Bitterer Sommer am Gardasee: Hotels bleiben leer
"Es gibt einen Wandel im Tourismus: Die italienischen und deutschsprachigen Urlauber bleiben aus, dafür kommen mehr Gäste aus Nordeuropa", erläuterte Fabio Pasqualini, Präsident des Handelsverbands Confcommercio Bardolino und Inhaber mehrerer touristischer Betriebe am Gardasee, gegenüber der Tageszeitung "Corriere del Veneto". Nordeuropäische Touristen seien jedoch weniger spendierfreudig. "Sie trinken keine Aperitifs, gehen selten shoppen und halten sich meist in Campingplätzen auf", stellte Pasqualini fest.
Im Juli waren vielerorts auf den Straßen und Plätzen der Dörfer um den See kaum Menschen zu sehen. Auch die Gardesana-Straße war frei von den sonst üblichen Autokolonnen mit ausländischen Kennzeichen. Selbst im August zeigt ein Blick auf Booking.com viele freie Unterkünfte.

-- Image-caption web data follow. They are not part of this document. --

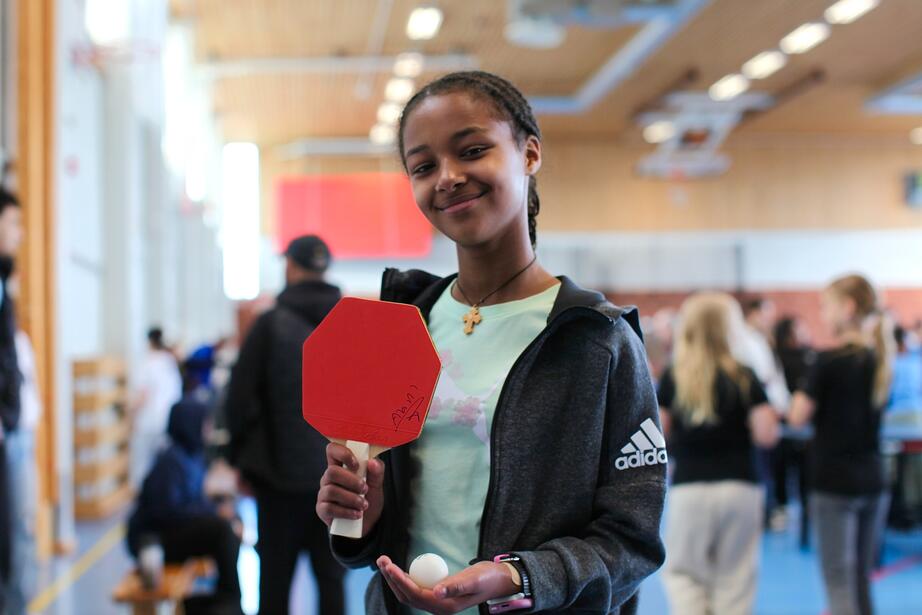 Liya, 11, visar stolt upp Adam Tenstas autograf på sitt pingisracket.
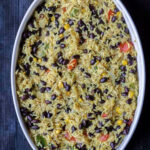 Oval casserole dish with Mexican black beans and rice.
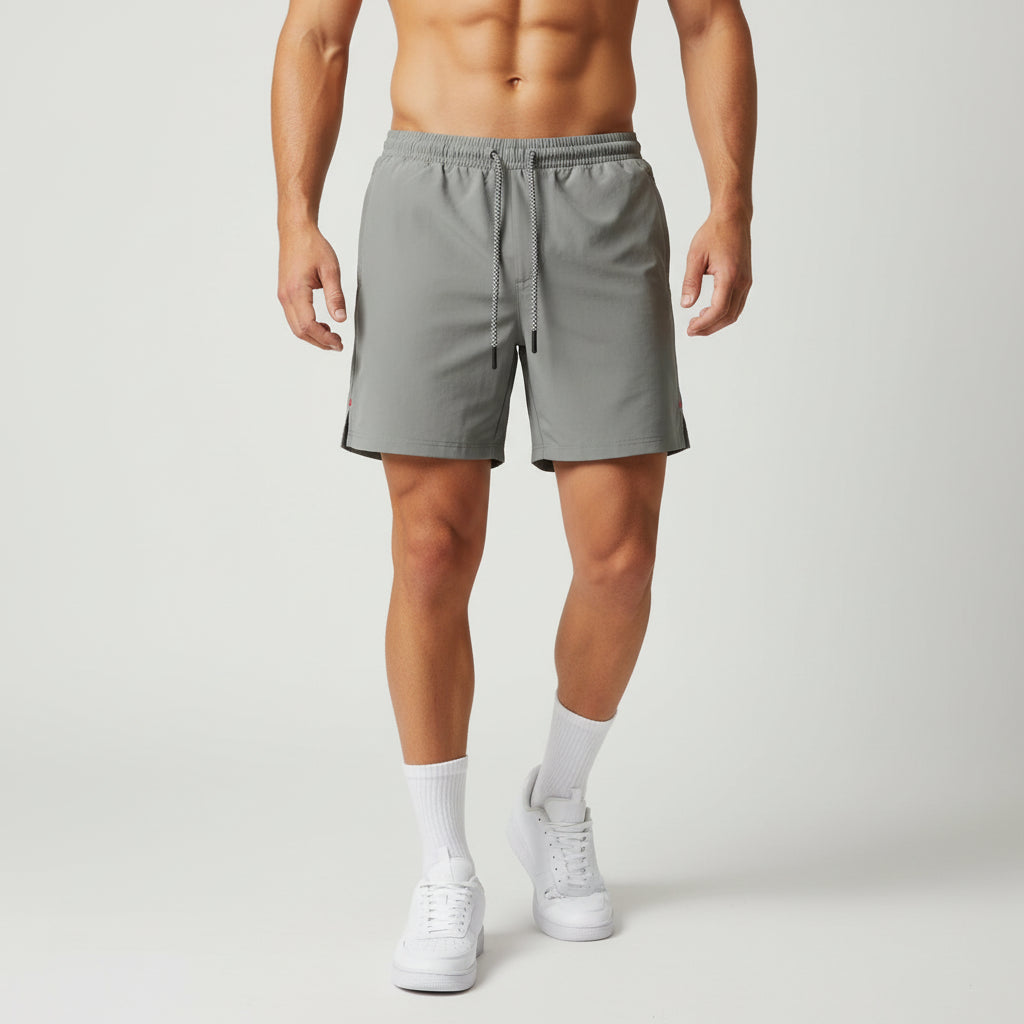 Person wearing gray shorts on a plain background
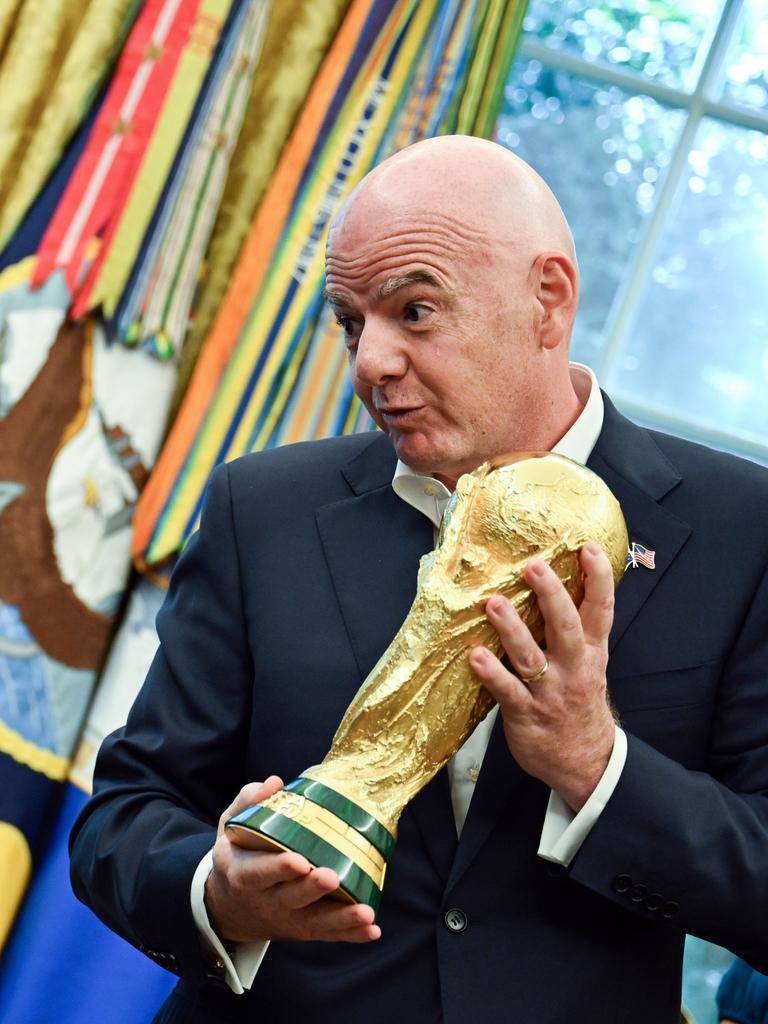 FIFA-Präsident Gianni Infantino hält im Oval Offive den goldenen Fußball-WM-Pokal in den Händen und schaut dabei auf den sitzenden US-Präsident Donald Trump herab. Der trägt eine rote Kappe und grinst zurück. FIFA-Präsident Gianni Infantino hält im Oval Offive den goldenen Fußball-WM-Pokal in den Händen und schaut dabei auf den sitzenden US-Präsident Donald Trump herab. Der trägt eine rote Kappe und grinst zurück.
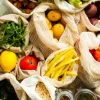 Verdura e frutta fresca in borse di stoffa su un tavolo.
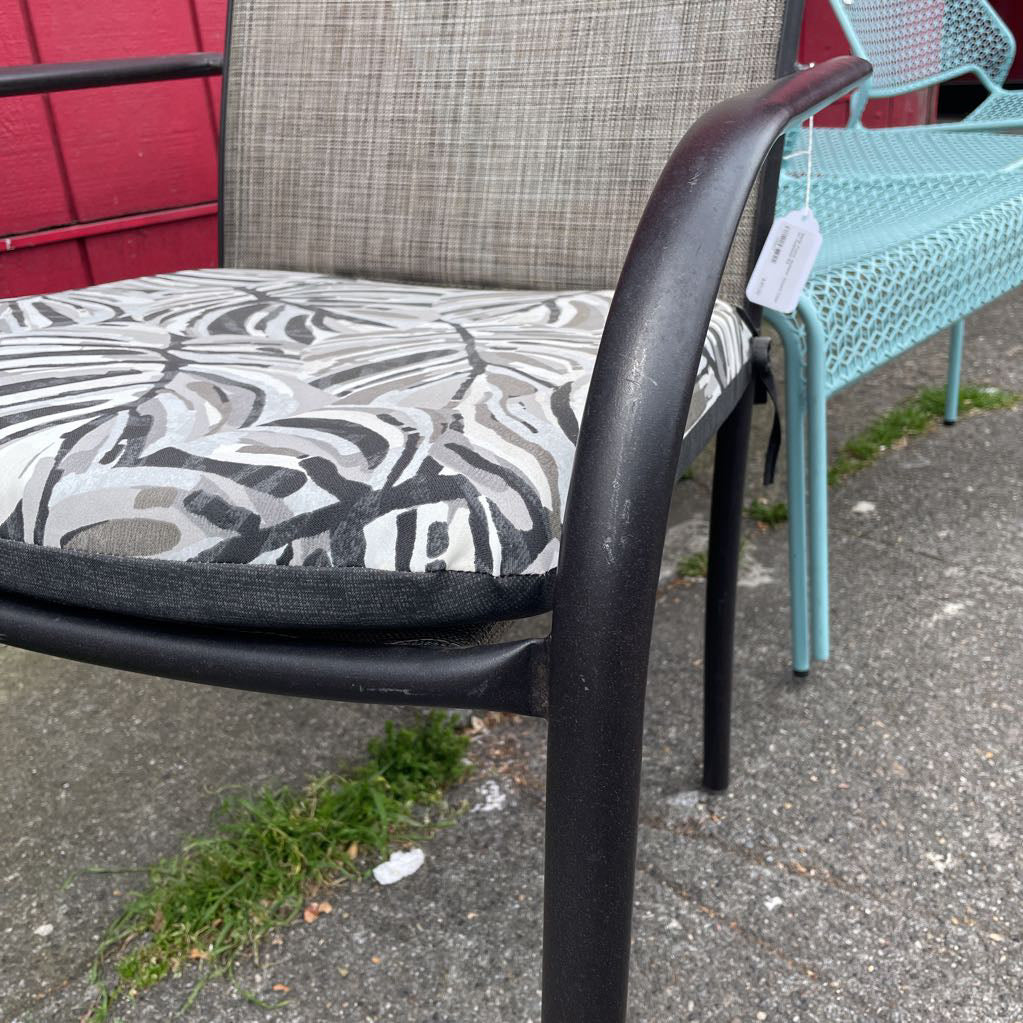 Close-up of the armrest and tropical leaf print cushion of an outdoor patio chair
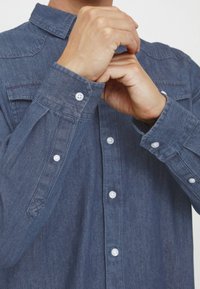 Mørkeblå denimskjorte med lange ærmer, med spredt krave, knapper foran og ved mansjettene, og et subtilt teksturert stoff.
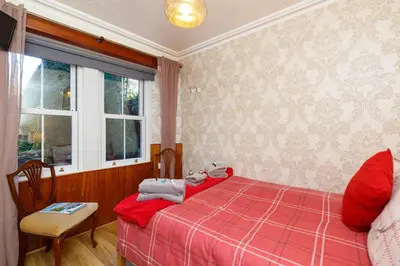 a bedroom with a red bed and a window at Castle Walk Bed & Breakfast in Stirling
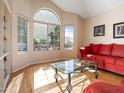 Bright living room with hardwood floors, a large window, and an inviting space to relax at 20404 N 28Th Pl, Phoenix, AZ 85050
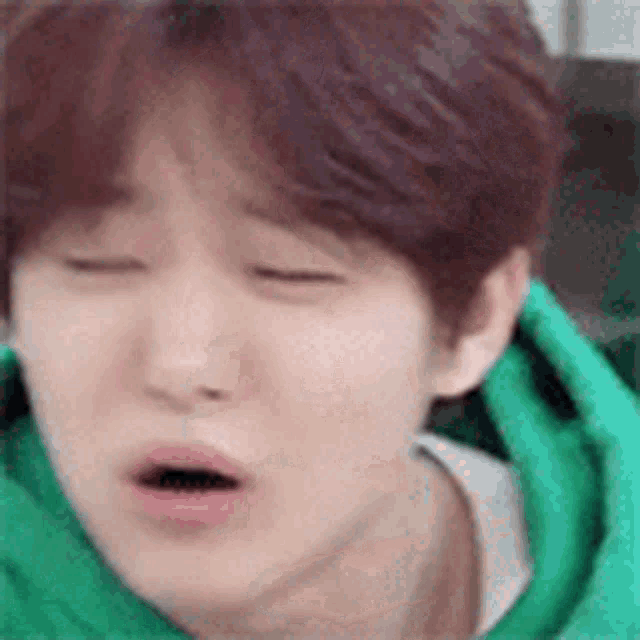 a close up of a person 's face with their eyes closed and a green hoodie on .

"Der Einzelhandel leidet besonders stark, der Umsatz ist im Vergleich zum Vorjahr um zehn bis 20 Prozent zurückgegangen. Der Gardasee zieht nicht mehr so wie früher", meinte Pasqualini. Vor allem die Hotellerie beklagt eine nachlassende Nachfrage. "Wir haben unsere Stammkunden, die schon im Winter buchen. Aber Last-Minute-Anfragen oder kurzfristige Buchungen fehlen komplett. Italienische Urlauber kommen kaum - wenn überhaupt, dann für zwei, drei Tage oder am Wochenende", klagte Virginia Torre, Präsidentin des Hotelverbands von Lazise.

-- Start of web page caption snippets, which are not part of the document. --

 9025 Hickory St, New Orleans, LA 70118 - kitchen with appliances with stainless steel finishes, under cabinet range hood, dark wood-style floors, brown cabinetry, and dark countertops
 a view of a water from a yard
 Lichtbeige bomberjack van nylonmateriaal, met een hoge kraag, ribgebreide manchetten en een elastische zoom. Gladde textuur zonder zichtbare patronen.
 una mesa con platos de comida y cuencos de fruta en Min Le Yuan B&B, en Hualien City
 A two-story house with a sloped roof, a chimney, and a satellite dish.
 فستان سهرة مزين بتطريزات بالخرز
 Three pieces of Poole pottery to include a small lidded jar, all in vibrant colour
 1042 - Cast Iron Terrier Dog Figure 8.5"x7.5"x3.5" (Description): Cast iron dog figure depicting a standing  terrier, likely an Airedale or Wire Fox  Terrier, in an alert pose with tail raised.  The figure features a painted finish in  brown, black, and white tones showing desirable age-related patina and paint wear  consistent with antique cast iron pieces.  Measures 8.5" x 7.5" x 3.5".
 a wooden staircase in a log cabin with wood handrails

Ein wichtiger Grund für den Besucherrückgang seien die hohen Preise. "Früher konnte eine vierköpfige Familie um 50 Euro Pizza essen - heute zahlt sie fast das Doppelte", sagte Torre. Ein weiterer belastender Faktor, der deutschsprachige Urlauber vom Gardasee fernhält, seien die Baustellen am Europabrücke-Abschnitt auf der Brennerautobahn, die für lange Staus sorgen. "Was früher eine fünfstündige Fahrt aus Bayern war, dauert jetzt sieben Stunden. Selbst Zweitwohnungsbesitzer überlegen sich dreimal, ob sich die Anfahrt lohnt", so Torre.
"Preise sind zu stark gestiegen"
Besser ist die Lage auf den Campingplätzen am See, aber auch hier gibt es Besucherrückgänge. Zwar seien die Campingplätze am Wochenende gut besucht, doch bis Anfang Juli habe es ein klares Minus gegeben. Erst später sei es etwas besser geworden. "Die Preise am See sind zu stark gestiegen - das merken die Leute und reagieren entsprechend vorsichtig", gab Giovanni Bernini, Präsident des Campingverbandes Asso Camping, zu.

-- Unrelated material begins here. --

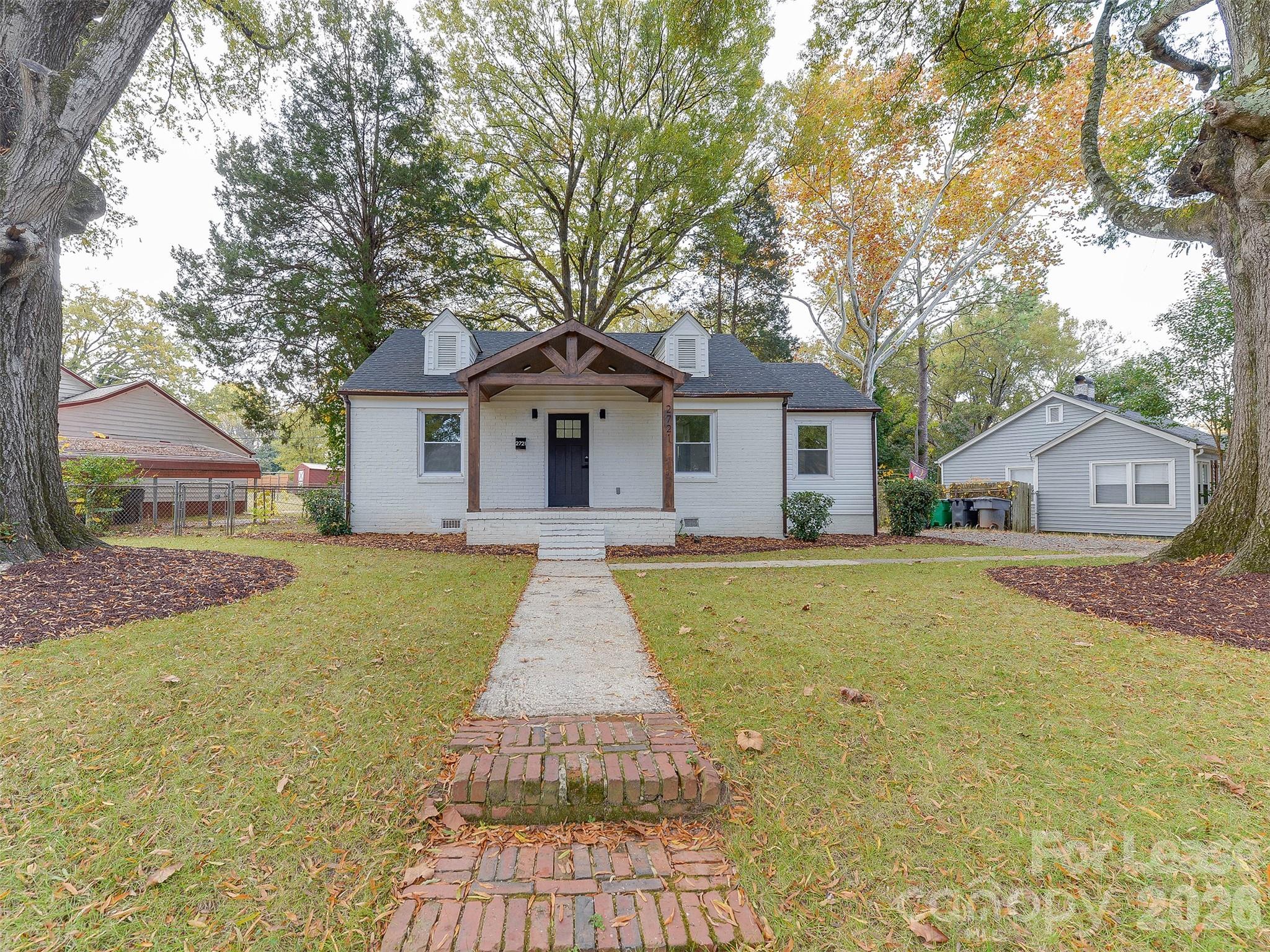 a front view of house with yard and green space
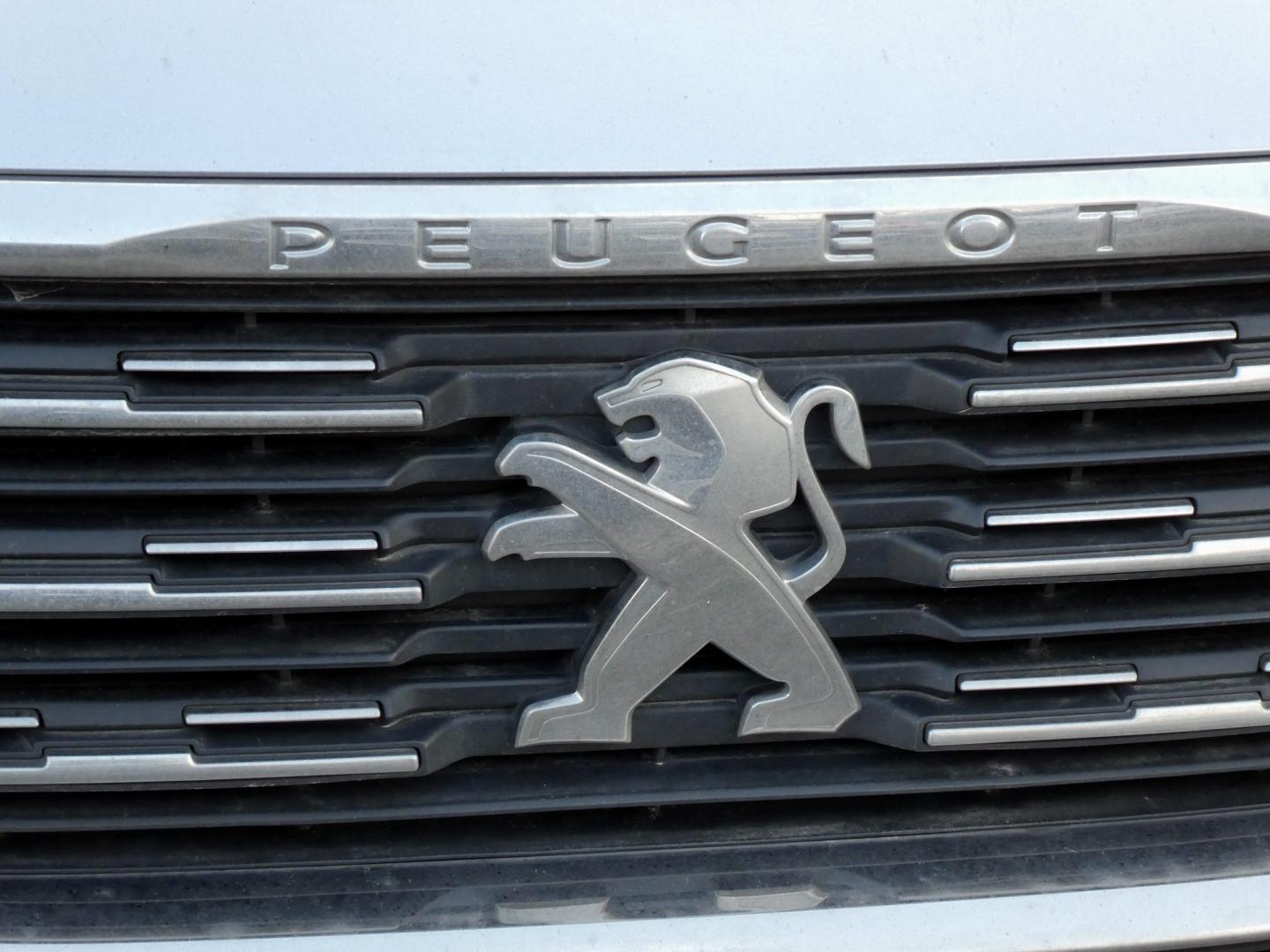 Peugeot logo on a car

Vor allem der Mittelstand spare - ob in Österreich, Deutschland oder Italien - und weiche seltener oder gezielter auf Kurzurlaube aus. Gäste aus Nordeuropa kompensieren die Lücke nur teilweise - und mit deutlich anderen Ausgabengewohnheiten, stellten Touristiker fest. Der Tourismus am Gardasee stehe vor einem spürbaren Wandel gegenüber den vergangenen Jahren.
Zusammenfassung
- Die Sommersaison am Gardasee verläuft deutlich schwächer als in den Vorjahren, der Umsatz im Einzelhandel und in der Hotellerie ist um 10 bis 20 Prozent zurückgegangen.
- Vor allem italienische und deutschsprachige Urlauber bleiben aus, während Gäste aus Nordeuropa zwar zunehmen, aber weniger konsumieren und meist auf Campingplätzen wohnen.
- Als Hauptgründe für den Rückgang gelten stark gestiegene Preise – ein Familienessen kostet inzwischen fast das Doppelte – sowie lange Staus auf der Brennerautobahn, die die Anreise erschweren.